Wahdaniyah (Esa atau Satu) adalah sifat Salbiyyah artinya sifat yang mencabut atau menolak keberadaan Allah lebih dari satu. Dalam arti lain bahwa Allah itu satu atau esa tidak ada Tuhan selain-Nya. Dia esa atau satu dalam Dzat, Sifat dan perbuatan-Nya.

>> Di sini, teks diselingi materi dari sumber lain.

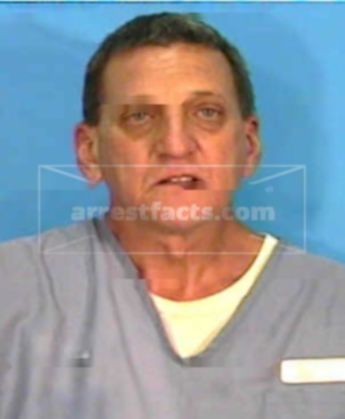 Robert B Pshena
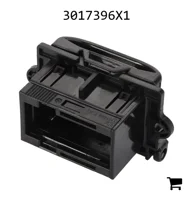 AGCO 3017396X1 Зажим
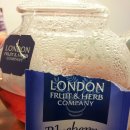 블리스데이(Bliss Day) 이미지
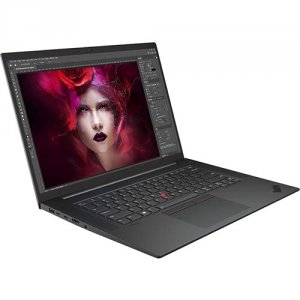 Lenovo 20Y3003MUS Topseller Mobile Ws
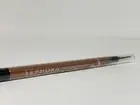 Sephora Collection Retractable Brow Pencil Waterproof 03 Rich Chestnut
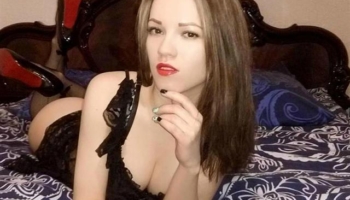 SuesseAmanda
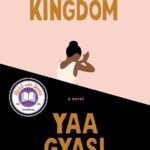 Transcendent Kingdom By Yaa Gyasi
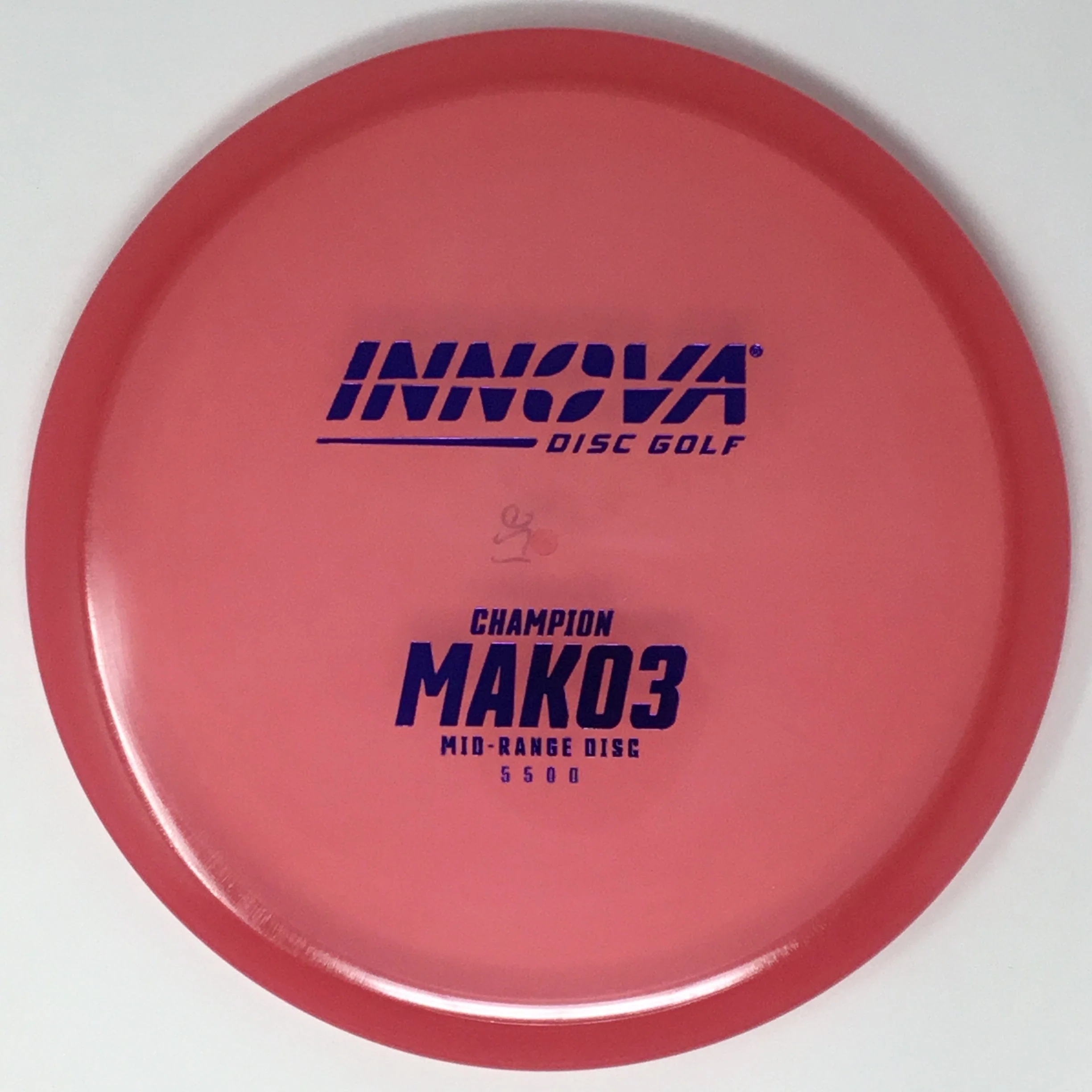 Product image 57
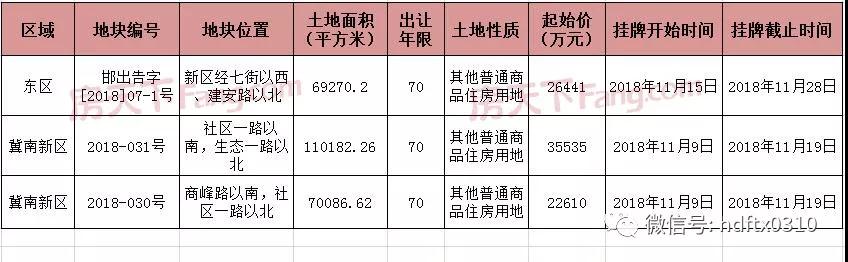 美彩国际7709(中国)有限公司官网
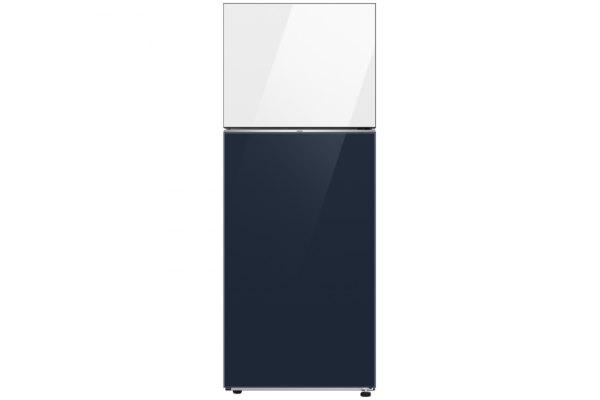 Giá Giảm Sốc: 14.150k Tủ lạnh Samsung Inverter 460 lít RT47CB66868ASV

Allah itu esa dalam dzat-Nya. Artinya, bahwa dzat Allah satu, tidak tersusun dari unsur unsur atau anggota badan dan tidak ada satupun dzat yang menyamai dzat Allah. Allah itu satu dalam sifat-Nya artinya bahwa sifat Allah tidak terdiri dari dua sifat yang sama, dan tidak ada sesuatupun yang menyamai sifat Allah. Allah itu satu dalam fi’il atau perbuatan artinya bahwa hanya Allah yang memiliki perbuatan. Dan tidak satupun yang dapat menyamai perbuatan Allah.


Sedangkan sifat mustahilnya wahdaniyah bagi Allah yaitu “Ta’addud” artinya banyak atau bilangan-Nya lebih dari satu, maka mustahil Allah lebih dari satu. Firman Allah:



لَوْ كَانَ فِيهِمَا ءَالِهَةٌ إِلاَّ اللهُ لَفَسَدَتَا فَسُبْحَانَ اللهِ رَبِّ الْعَرْشِ عَمَّا يَصِفُونَ





“Sekiranya ada di langit dan di bumi tuhan-tuhan selain Allah, tentulah keduanya itu Telah rusak binasa. Maka Maha Suci Allah yang mempunyai ’Arsy daripada apa yang mereka sifatkan.” (al-Anbiya’: 22).



Keesaan Allah itu mutlak. Artinya keesaan Allah meliputi dzat, sifat, maupun perbuatan-Nya. Meyakini keesaan Allah merupakan mabda’ atau prinsip, sehingga seseorang dianggap muslim atau tidak, tergantung pada pengakuan tentang keesaan Allah. Makanya untuk pertama seseorang menjadi muslim, ia harus bersaksi terhadap keesaan Allah, yaitu dengan membaca syahadat yang berbunyi ”Aku bersaksi tiada Tuhan selain Allah”.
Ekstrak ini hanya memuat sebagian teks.